Por volta das 8 horas equipes do Batalhão de Choque com auxílio dos cães iniciaram a vistoria naquela unidade. Agentes socioeducativos relataram ao Jornal Midiamax que atualmente 82 internos estão abrigados ali e eles acreditam que adolescentes que já cumpriram pena administrativa naquela Unei, atualmente arremessam armas e drogas pelos muros.

Militares fazem vistoria na unidade (Foto: Henrique Arakaki, Midiamax)

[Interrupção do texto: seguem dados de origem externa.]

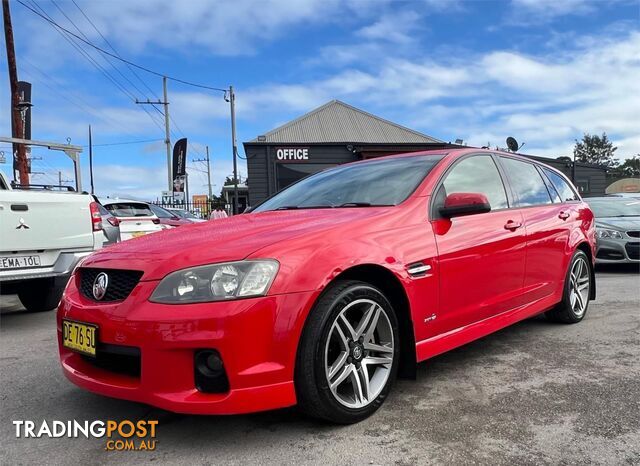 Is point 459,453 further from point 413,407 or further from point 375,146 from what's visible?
point 375,146

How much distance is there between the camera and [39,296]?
582cm

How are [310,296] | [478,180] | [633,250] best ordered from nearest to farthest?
[310,296] → [478,180] → [633,250]

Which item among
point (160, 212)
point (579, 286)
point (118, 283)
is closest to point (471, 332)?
point (579, 286)

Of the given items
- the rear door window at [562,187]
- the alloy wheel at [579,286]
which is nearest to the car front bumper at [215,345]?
the alloy wheel at [579,286]

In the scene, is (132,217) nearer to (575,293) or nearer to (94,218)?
(94,218)

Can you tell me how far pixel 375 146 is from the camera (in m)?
18.8

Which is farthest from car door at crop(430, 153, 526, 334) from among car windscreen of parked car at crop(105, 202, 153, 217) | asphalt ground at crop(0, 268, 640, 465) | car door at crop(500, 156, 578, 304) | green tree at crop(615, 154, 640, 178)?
green tree at crop(615, 154, 640, 178)

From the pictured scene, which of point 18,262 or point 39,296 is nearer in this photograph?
point 18,262

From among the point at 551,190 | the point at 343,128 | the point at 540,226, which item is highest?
the point at 343,128

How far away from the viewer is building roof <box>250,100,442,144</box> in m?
22.8

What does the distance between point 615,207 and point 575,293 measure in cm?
570

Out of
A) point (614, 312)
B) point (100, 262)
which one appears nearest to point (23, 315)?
point (100, 262)

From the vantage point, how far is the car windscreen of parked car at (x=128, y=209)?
10.2 m

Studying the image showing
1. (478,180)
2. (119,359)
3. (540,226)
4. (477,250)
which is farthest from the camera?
(540,226) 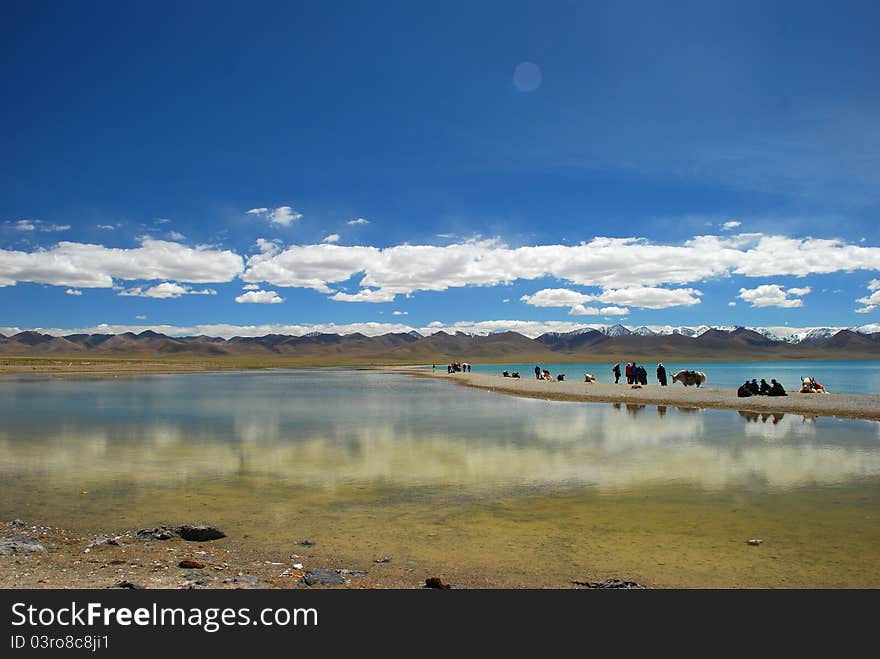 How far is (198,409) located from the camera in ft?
113

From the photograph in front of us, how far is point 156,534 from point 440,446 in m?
11.5

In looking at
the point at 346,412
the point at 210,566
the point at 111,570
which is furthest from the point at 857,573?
the point at 346,412

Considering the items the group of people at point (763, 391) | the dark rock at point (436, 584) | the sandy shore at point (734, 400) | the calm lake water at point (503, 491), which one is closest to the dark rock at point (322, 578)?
the calm lake water at point (503, 491)

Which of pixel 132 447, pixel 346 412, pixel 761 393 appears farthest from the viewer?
pixel 761 393

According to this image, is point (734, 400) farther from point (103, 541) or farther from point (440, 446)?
point (103, 541)

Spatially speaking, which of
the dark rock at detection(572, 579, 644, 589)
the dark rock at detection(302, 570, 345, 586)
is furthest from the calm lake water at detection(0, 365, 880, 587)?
the dark rock at detection(302, 570, 345, 586)

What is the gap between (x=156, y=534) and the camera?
1023 cm

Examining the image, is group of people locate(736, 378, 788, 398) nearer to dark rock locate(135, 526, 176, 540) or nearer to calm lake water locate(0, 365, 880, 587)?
calm lake water locate(0, 365, 880, 587)

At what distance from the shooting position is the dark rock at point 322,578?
7.86 m

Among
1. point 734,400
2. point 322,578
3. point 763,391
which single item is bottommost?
point 322,578

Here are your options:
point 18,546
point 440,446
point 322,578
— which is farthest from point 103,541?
point 440,446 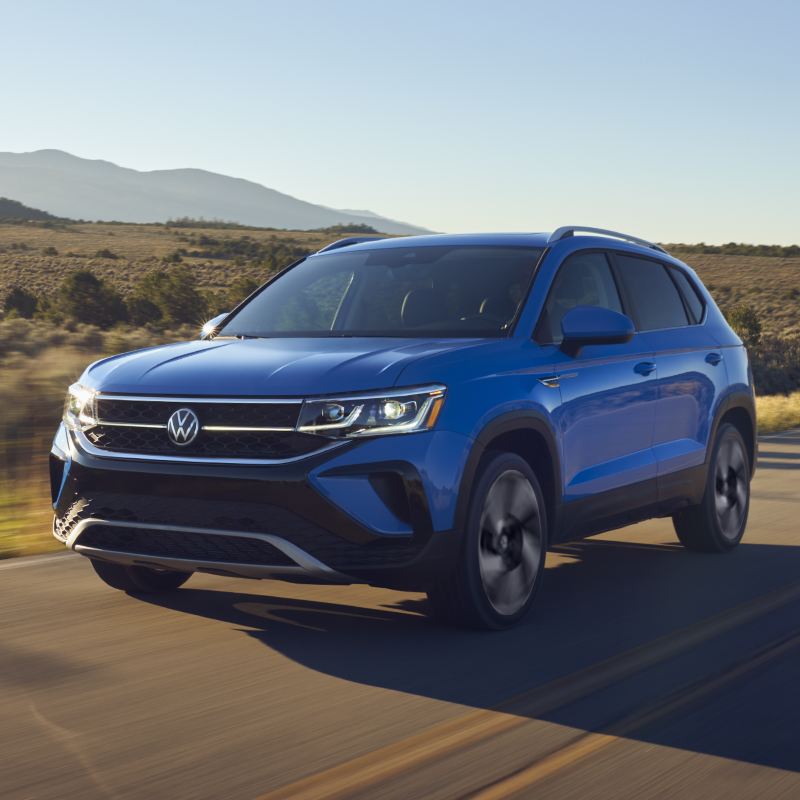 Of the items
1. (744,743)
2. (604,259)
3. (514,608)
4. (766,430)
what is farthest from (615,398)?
(766,430)

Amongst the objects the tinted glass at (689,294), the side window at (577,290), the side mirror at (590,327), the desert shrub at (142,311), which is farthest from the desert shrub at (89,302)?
the side mirror at (590,327)

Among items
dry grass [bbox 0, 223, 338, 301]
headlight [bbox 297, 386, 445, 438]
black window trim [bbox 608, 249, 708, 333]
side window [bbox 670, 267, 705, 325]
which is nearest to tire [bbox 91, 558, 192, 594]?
headlight [bbox 297, 386, 445, 438]

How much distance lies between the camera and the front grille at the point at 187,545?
5160 millimetres

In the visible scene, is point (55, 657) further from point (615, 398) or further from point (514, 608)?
point (615, 398)

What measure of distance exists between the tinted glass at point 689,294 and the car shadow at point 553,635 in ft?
4.70

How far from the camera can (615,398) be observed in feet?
21.8

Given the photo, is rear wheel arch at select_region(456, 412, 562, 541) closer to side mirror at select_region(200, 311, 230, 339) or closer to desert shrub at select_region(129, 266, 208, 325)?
side mirror at select_region(200, 311, 230, 339)

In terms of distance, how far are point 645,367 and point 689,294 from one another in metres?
1.23

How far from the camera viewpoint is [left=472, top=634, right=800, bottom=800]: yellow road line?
3863mm

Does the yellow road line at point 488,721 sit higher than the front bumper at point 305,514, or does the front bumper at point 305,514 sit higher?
the front bumper at point 305,514

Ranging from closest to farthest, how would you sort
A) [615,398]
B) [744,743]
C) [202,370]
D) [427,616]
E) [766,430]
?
[744,743] < [202,370] < [427,616] < [615,398] < [766,430]

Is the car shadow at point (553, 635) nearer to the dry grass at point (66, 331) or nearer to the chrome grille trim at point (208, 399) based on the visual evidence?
the chrome grille trim at point (208, 399)

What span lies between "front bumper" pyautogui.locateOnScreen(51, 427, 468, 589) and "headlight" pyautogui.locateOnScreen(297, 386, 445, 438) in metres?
0.05

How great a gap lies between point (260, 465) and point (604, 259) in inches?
106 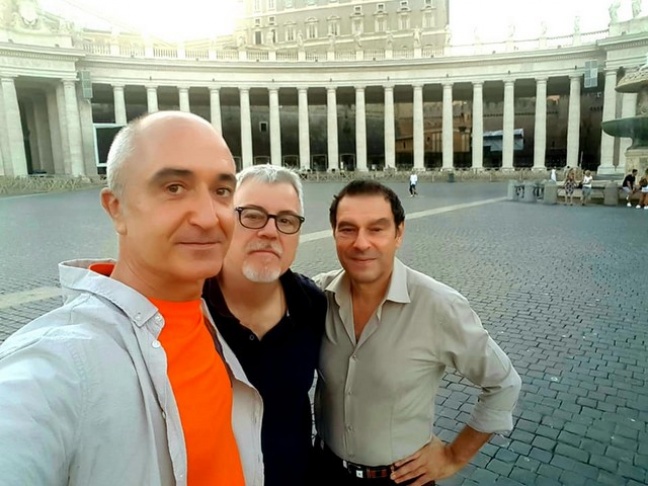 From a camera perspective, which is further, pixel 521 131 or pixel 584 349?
pixel 521 131

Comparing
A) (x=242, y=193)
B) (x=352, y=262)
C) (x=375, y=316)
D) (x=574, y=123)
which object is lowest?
(x=375, y=316)

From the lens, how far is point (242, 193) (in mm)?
1952

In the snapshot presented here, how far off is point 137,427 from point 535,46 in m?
49.9

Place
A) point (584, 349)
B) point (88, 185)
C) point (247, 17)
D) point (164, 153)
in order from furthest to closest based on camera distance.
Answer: point (247, 17), point (88, 185), point (584, 349), point (164, 153)

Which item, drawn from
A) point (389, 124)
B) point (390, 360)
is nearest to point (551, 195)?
point (390, 360)

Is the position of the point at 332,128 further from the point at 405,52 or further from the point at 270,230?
the point at 270,230

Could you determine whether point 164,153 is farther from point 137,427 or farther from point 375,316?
point 375,316

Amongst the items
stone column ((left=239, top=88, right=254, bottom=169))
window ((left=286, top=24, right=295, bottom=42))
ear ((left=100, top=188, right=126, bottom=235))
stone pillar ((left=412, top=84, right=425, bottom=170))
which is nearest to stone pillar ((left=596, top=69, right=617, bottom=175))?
stone pillar ((left=412, top=84, right=425, bottom=170))

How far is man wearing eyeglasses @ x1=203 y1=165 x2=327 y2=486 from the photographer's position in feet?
6.00

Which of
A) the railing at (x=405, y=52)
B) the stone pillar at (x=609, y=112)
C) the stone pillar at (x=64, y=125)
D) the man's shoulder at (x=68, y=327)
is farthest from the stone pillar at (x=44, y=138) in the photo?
the stone pillar at (x=609, y=112)

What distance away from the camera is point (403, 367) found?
1987 millimetres

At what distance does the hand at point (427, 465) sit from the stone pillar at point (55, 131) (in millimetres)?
42345

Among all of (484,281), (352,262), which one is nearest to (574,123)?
(484,281)

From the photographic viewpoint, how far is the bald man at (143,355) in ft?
3.22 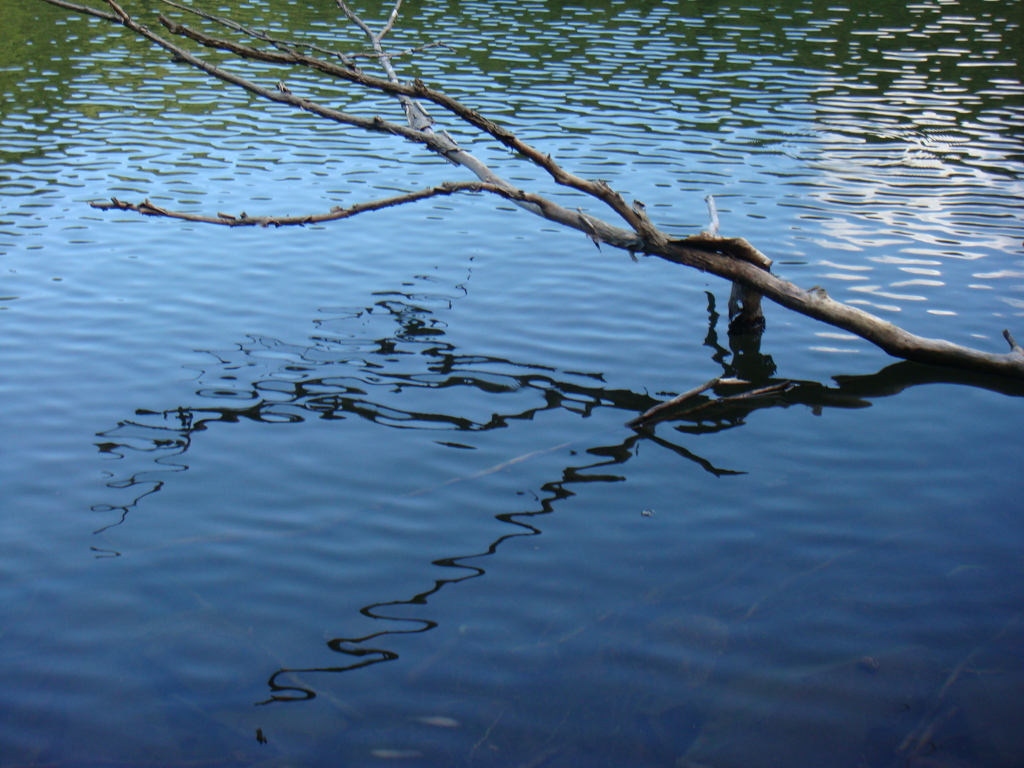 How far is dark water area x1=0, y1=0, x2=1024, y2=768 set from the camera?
451 cm

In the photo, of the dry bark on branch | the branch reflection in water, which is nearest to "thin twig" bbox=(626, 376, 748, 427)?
the branch reflection in water

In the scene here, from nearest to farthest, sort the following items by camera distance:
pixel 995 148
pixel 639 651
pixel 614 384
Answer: pixel 639 651 < pixel 614 384 < pixel 995 148

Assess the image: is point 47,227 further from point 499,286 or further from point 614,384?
point 614,384

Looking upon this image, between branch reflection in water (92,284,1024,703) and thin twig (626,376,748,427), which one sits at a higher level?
thin twig (626,376,748,427)

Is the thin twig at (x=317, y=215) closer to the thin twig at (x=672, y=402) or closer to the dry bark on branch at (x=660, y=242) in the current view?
the dry bark on branch at (x=660, y=242)

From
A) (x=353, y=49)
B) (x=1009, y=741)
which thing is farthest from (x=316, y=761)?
(x=353, y=49)

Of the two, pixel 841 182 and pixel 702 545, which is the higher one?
pixel 841 182

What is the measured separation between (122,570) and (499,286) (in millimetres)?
5615

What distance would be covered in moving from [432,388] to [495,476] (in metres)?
1.56

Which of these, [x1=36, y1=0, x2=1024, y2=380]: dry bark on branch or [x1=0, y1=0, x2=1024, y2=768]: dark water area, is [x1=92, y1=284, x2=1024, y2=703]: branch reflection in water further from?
[x1=36, y1=0, x2=1024, y2=380]: dry bark on branch

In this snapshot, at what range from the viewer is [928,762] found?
4180 millimetres

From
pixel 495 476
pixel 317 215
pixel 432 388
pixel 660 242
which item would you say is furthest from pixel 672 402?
pixel 317 215

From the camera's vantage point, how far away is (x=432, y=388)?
796 centimetres

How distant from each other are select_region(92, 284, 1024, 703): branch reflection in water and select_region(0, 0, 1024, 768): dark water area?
38 mm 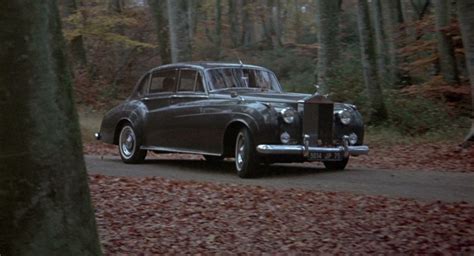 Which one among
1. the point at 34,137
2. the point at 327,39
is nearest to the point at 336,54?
the point at 327,39

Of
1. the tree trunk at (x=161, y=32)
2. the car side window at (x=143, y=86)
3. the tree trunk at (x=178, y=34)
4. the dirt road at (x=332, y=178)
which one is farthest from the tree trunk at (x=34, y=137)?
the tree trunk at (x=161, y=32)

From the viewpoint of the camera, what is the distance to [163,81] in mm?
13820

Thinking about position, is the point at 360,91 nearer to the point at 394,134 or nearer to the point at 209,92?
the point at 394,134

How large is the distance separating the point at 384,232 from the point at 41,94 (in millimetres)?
4186

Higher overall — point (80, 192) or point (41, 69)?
point (41, 69)

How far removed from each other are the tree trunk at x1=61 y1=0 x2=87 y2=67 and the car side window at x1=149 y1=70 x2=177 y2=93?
53.8 ft

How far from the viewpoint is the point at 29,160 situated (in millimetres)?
4855

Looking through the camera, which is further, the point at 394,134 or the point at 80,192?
→ the point at 394,134

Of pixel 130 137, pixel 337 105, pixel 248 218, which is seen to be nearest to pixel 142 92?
pixel 130 137

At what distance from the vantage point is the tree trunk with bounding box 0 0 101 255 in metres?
4.81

Segundo os agentes, é comum que os suspeitos joguem tanto drogas, quanto bebidas e até mesmo as armas para dentro da Unei e até mesmo pulam os muros e entram na unidade, já que conhecem a falta de estrutura e de segurança. No plantão desta noite, que iniciou às 17 horas de quarta-feira (8), e terminou às 7h30, só haviam 4 agentes.

Além da defasagem, os agentes pontuam a questão estrutural, que também é reclamação dos adolescentes e das mães dos internos. Em novembro de 2018 um adolescente que fazia a limpeza da Unei morreu eletrocutado ao ser atingido por um fio desencapado. A parte elétrica da unidade é considerada precária e é comum a falta de luz.

Além disso, os agentes também afirmam que eles mesmos levam produtos de limpeza e higiene de casa para a unidade, já que nada é fornecido pelo Governo. Eles afirmaram que não farão mais tal procedimento, até que haja uma resposta das autoridades para melhorias na Unei. Conforme os agentes socioeducativos, até mesmo medicamentos para os internos saem do bolso deles.

Não há naquela Unei atendimento psicológico para os adolescentes e, como há poucos servidores, quando um interno precisa de atendimento médico, há grande possibilidade que ele tente fugir durante o encaminhamento. Em dias de visita, se estiver chovendo, por exemplo, as mães não tem local coberto para aguardarem até a entrada.

A assistente social Simone Menezes de Faria comentou sobre a situação da sala em que trabalha. Segundo ela, o telefone foi comprado com o próprio dinheiro e o computador é da casa dela. “Se não eu não teria nem como trabalhar”, afirmou. O agente Paulo Henrique Oliveira pontuou como urgente a presença da Polícia Militar permanente na unidade e o aumento de efetivo.

Os agentes contataram o sindicato e em conversa com o advogado se manifestaram ao Governo do Estado. Segundo eles, se não houver resposta em aproximadamente uma semana, com respaldo judicial eles podem paralisar as atividades. Em meio aos problemas e fugas, nesta quinta-feira oi publicada no Diário Oficial do Estado a dispensa do diretor-adjunto da unidade, que teria pedido para deixar o cargo.